Il futuro dei vini No & Low Alcohol: tra numeri in crescita e sfide culturali — Aristide, il wine blog di Giampiero Nadali
Il futuro dei vini No & Low Alcohol: tra numeri in crescita e sfide culturali

Il futuro dei vini No & Low Alcohol: tra numeri in crescita e sfide culturali

Consumo globale di vini No & Low Alcohol secondo l’Osservatorio del Vino UIV-Vinitaly su dati IWSR

Il consumo globale di vini No & Low Alcohol è cresciuto costantemente negli ultimi anni. Secondo l’Osservatorio del Vino UIV-Vinitaly su dati IWSR, nel 2024 ha raggiunto 25,4 milioni di casse (9L) e un valore di 2,4 miliardi USD, con stime che proiettano il mercato a 33,8 milioni di casse e 3,3 miliardi USD entro il 2028. A colpire è il ritmo: +8,1% annuo di crescita in valore, contro appena +0,3% del vino tradizionale. Il segmento resta piccolo (1,2% del valore del vino totale), ma è in forte accelerazione.

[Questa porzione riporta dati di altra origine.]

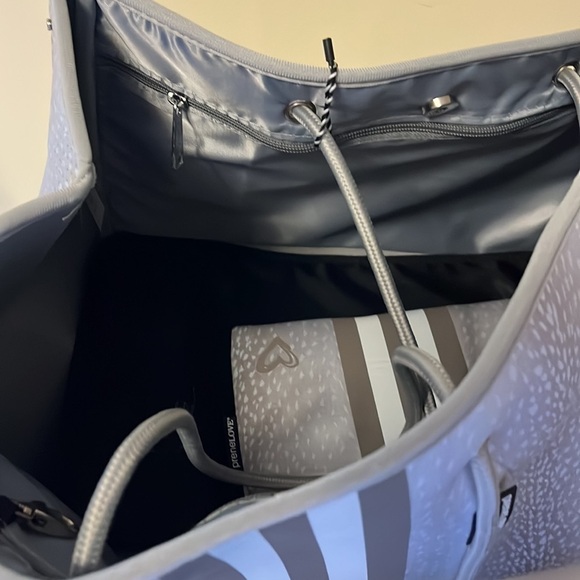 PreneLove neoprene tote and wristlet bag set, new with tags and dust bag - Picture 9 of 12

I vini fermi No-Low sono destinati a crescere del +11,3% medio annuo, mentre gli spumanti No-Low cresceranno del +6,4%. In confronto, i corrispettivi segmenti tradizionali segnano crescite prossime allo zero. L’innovazione nel mondo del vino oggi sembra parlare No-Low, e lo fa con toni netti, soprattutto nei mercati internazionali. Il 63% del valore globale è oggi concentrato negli USA, seguiti da Germania e UK. In Italia, il comparto è ancora marginale (0,1% del vino totale), ma con un CAGR del +47,1% tra il 2024 e il 2028, si intravede una potenziale inversione di tendenza.

Nel dettaglio, il mercato 2024 è dominato dai Low Alcohol (63% del valore), con una crescita attesa dell’8,7% annuo. Tuttavia, anche i No Alcohol mostrano un dinamismo interessante (+7,1%). Tra le tipologie, spiccano i Low Spumanti (47% dello share), ma il segmento a più alta crescita è quello dei Low Fermi (+14,1% CAGR). Questo trend suggerisce un possibile riposizionamento delle strategie di prodotto verso etichette più “leggere” anche nel mondo dei rossi e bianchi.

La domanda di No-Low è trasversale, ma con una forte connotazione generazionale e di genere. In Italia, Gen Z e Millennials rappresentano il 69% dei consumatori di vini No-Alcohol, con una predominanza femminile del 65%. Negli USA, la distribuzione è più equilibrata per genere, ma il pubblico resta giovane e health-conscious. Comprendere questi target è essenziale per costruire una comunicazione e un'esperienza di marca rilevanti.

Uno sguardo al mercato USA rivela un’altra dinamica chiave: l’ascesa dei RTD’s (Ready to Drink), in particolare gli hard seltzer, che nel 2028 rappresenteranno il 46% del segmento. I consumatori americani bevono meno vino (46% dichiara un calo), preferendo bevande più leggere e immediate. Il livello di alcol preferito resta tra 3% e 7%, confermando la traiettoria verso il “light drinking”. Il vino italiano No-Low, se ben posizionato, può diventare un'alternativa naturale in questa fascia.

Le aziende italiane iniziano a muoversi: il 96% della produzione No-Low è destinata all’export, con Germania e Scandinavia in testa, seguite da Nord America. Il 60% prevede un incremento produttivo entro il 2025, ma la produzione resta sbilanciata su spumanti (83%) e No Alcohol (92%). Solo il 40% degli operatori sta considerando il reshoring della produzione in Italia. La GDO è il principale canale di vendita (75%), mentre l’Ho.Re.Ca resta poco presidiato.

Infine, le barriere al consumo restano: difficoltà di reperibilità (46%), gusto/qualità (28%) e concorrenza di altri No-Lo alcolici (39%). Ma i driver ci sono: stile di vita sano, guida, autocontrollo e curiosità.

La sfida è culturale, ma anche industriale: riusciremo come sistema vino a creare un’offerta No-Lo autentica, buona, ben distribuita e coerente con i valori del bere moderno?